The messaging service’s product manager discusses how it plans to expand
Credit: Crown Copyright/Open Government Licence v3.0
The initial brief given to Peter Herlihy’s Cabinet Office team of between 10-12 civil servants was to create a ‘status-tracking platform’ for users to monitor their government applications.
“One of the biggest challenges early on,” recalls Herlihy, lead product manager for what would become GOV.UK Notify, “was telling the minister – no, we’re not going to build that thing that you’ve been telling everyone we’re going to build. We’re actually going to do something slightly different, but ultimately better.”
“It was a nice idea in theory,” he says of the original proposal, but the worry was that, unless they could get all of government to sign up, the service would be misleading, and “as an end user, you still had to get anxious enough to decide to go and visit that website to sign in.” The service as they envisioned it would instead “just email you, or text you an update” thereby ruling out any dependence on user anxiety.
The service they built, GOV.UK Notify, began operation in May 2016 and is now used by 1,000 services across government – a number which the team expects to double within the year. It is used across central and local government as well as in bodies like the NHS, and it’s expected to save £45m a year by enabling them to mass-send text messages, letters and emails.
One borough council reported saving £5,000 over a three-month-period, because using Notify allowed them to send 3,000 fewer letters.
“It can be very tempting to think: ‘I’m building something big and important, therefore I need a big, important team on it’. But, actually, I think you’d achieve more with fewer people.”
Peter Herlihy, Cabinet Office
From replacing letters such as those reminding people to pay their council tax, to texting people their MOT reminders – “that’s quite nice, Herlihy says, “mainly because I missed my MOT for the past two years” – Notify also provides services such as updating donors when their blood has been used.
Notify is not just improving government through cost-saving measures.

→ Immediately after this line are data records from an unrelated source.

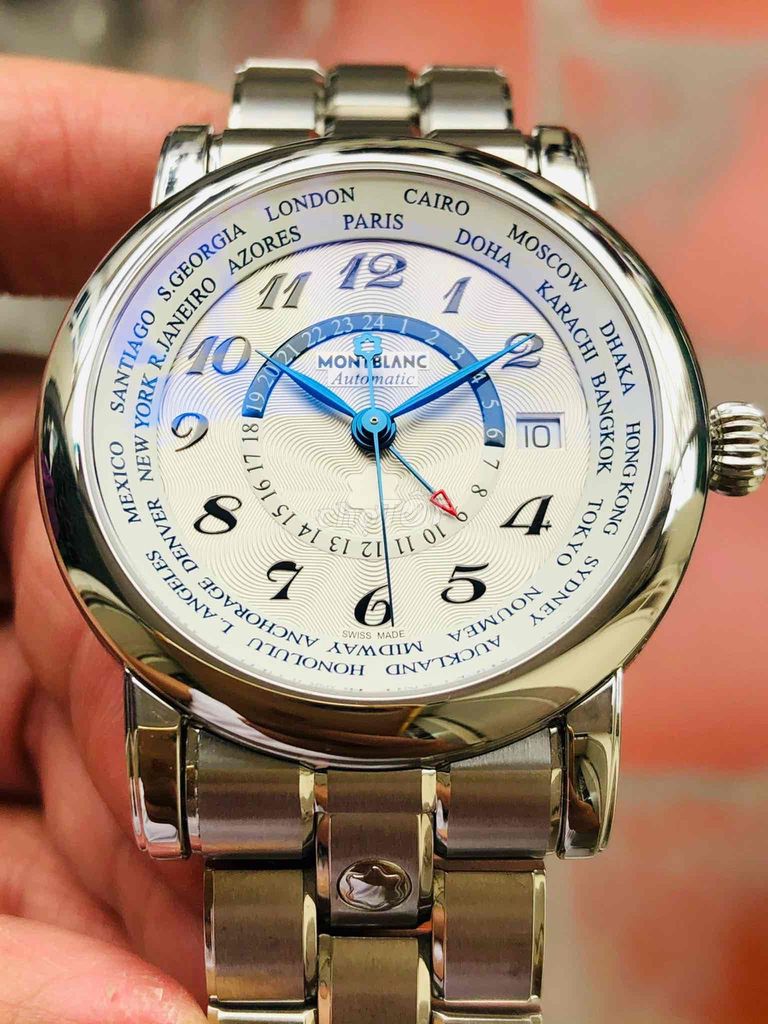 MONTBLANC MEISTERSTÜCK STEEL AUTOMATIC MEN'S WATCH. Mua bán Đồng hồ tại Quận Tây Hồ Hà Nội được đăng bởi Anh Tuan Tran hình 1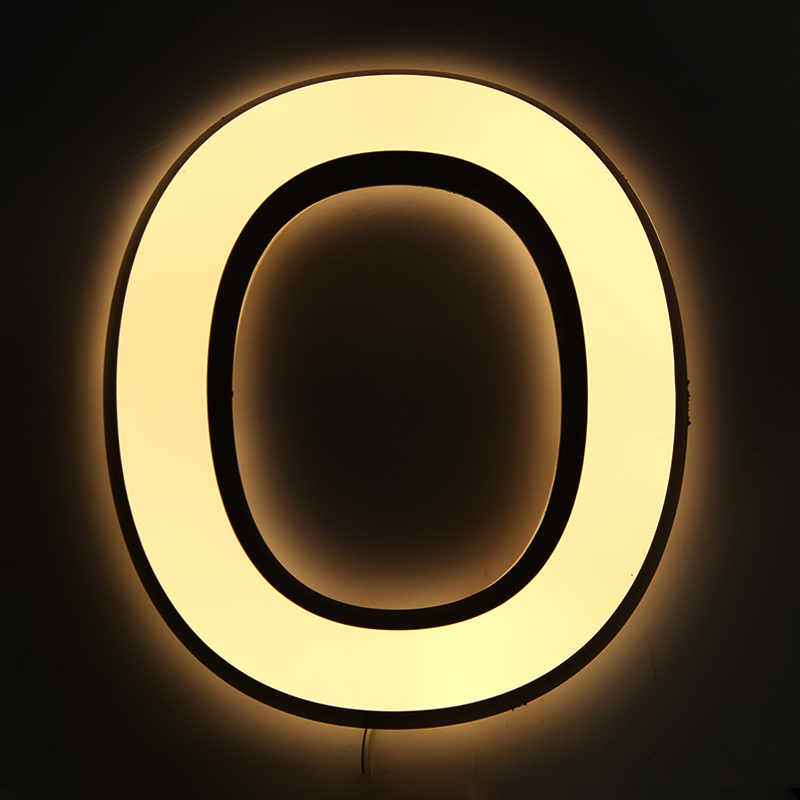 Acrylic LED luminous signs Business Lighting Advertising Sign LED Signboard Outdoor Waterproof Custom Advertisment Letters: O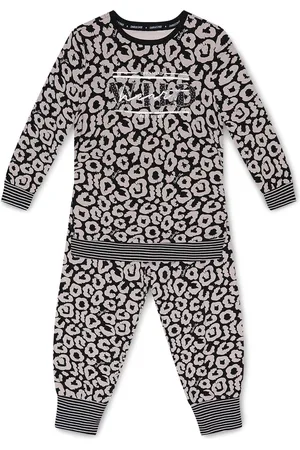 Charlie Choe Meiden pyjama Wild Heart Pink Black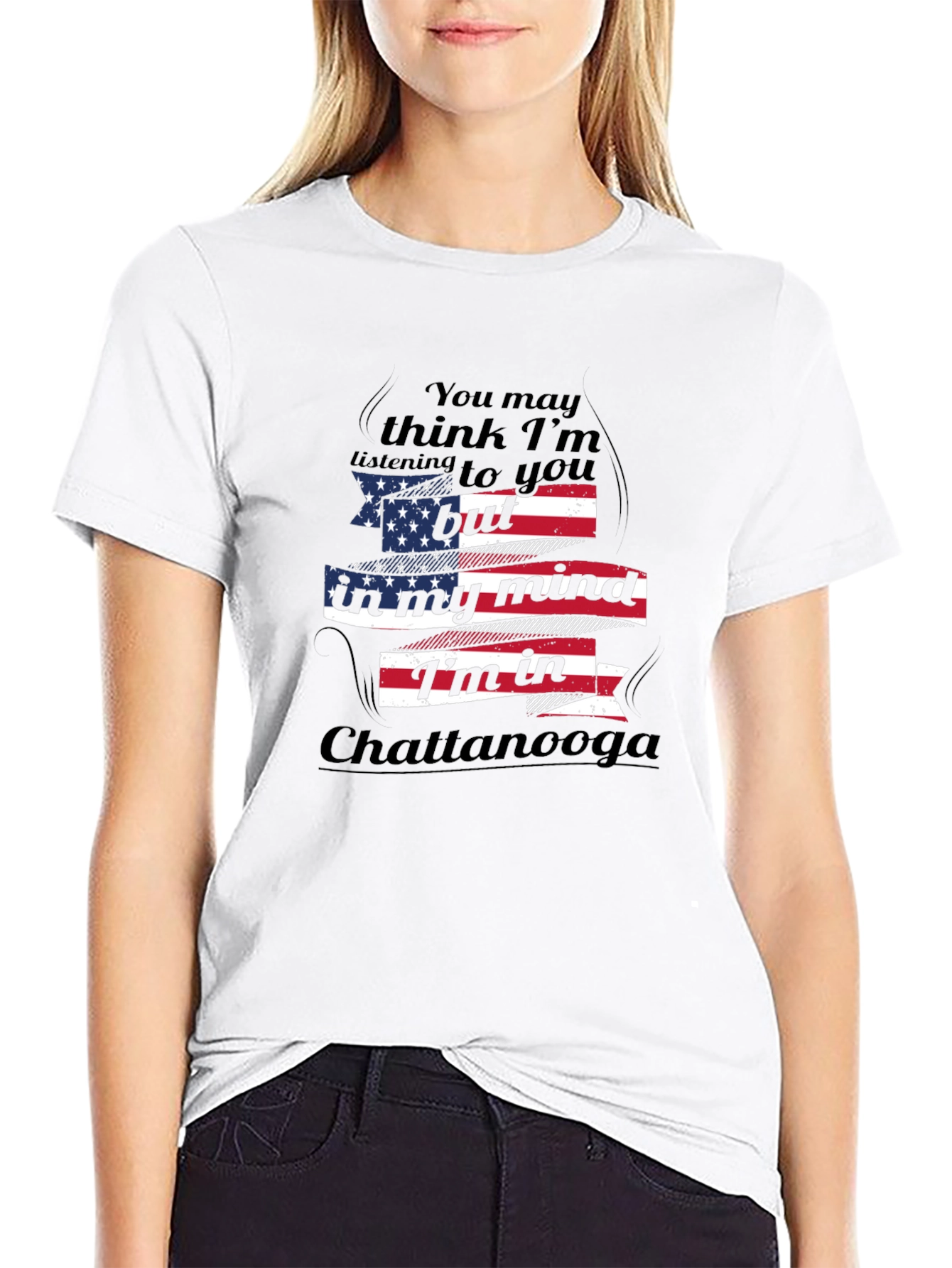 Chattanooga Mind T-Shirt - Patriotic American Flag Design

Recently, the service has been rolled out to a local authority who are using it to communicate with teenagers in abusive home situations. “They can’t receive phone calls necessarily. They definitely can’t receive letters if they’re reporting something that’s going on that they need to keep quiet,” Herlihy explains, “so Notify allows them to sign up for text message correspondence and they can correspond directly with the social services team and the local authority.
“And they wouldn’t have been able to do that before. Now the team can easily plug into Notify. And they can quickly start having two-way conversations via text message.
Since winning the Operational Excellence Award at the 2018 Civil Service Awards, Notify has gone from strength to strength. But it has not been entirely smooth sailing. Herlihy explains how they have had to fight against convention to maintain their small, tight-knit team.
“It can be very tempting to think: ‘I’m building something big and important, therefore I need a big, important team on it’,” Herlihy says. “But, actually, I think you’d achieve more with fewer people.”
Close and collaborative
He believes that the major benefit of the smaller team was that it allowed them to be “fairly close to everything within the product and the service,” and encouraged “really decisive, collaborative working.” Remaining small and close-knit, he says, stopped the team from becoming “fragmented.”
Herlihy explains that they approached the challenge of Notify in a manner more like a small business than a standard civil service team. Instead of going into departments and holding seminars – “You don’t get to go and have a meeting with [Amazon boss] Jeff Bezos,” he says – they encouraged departments to treat it as a self-service programme. Users were encouraged to contact them with any issues, but otherwise to experiment and see how far they could get on their own. “It involved taking some of our users out of their comfort zone,” Herlihy admits, “but once we explained that to people, they were really happy to take that approach.”
When asked what the best aspect of the award win was for them, Herlihy identifies the recognition of their small group’s massive achievement; especially as it came on the back of their battle to prove that their structure was sustainable.
“I don’t want to say ‘rage against the machine’ so much, but we have fought hard to work in a different way. And I think it [the award] was a really important recognition for us, so that we could take that way of work and share it a bit more widely.”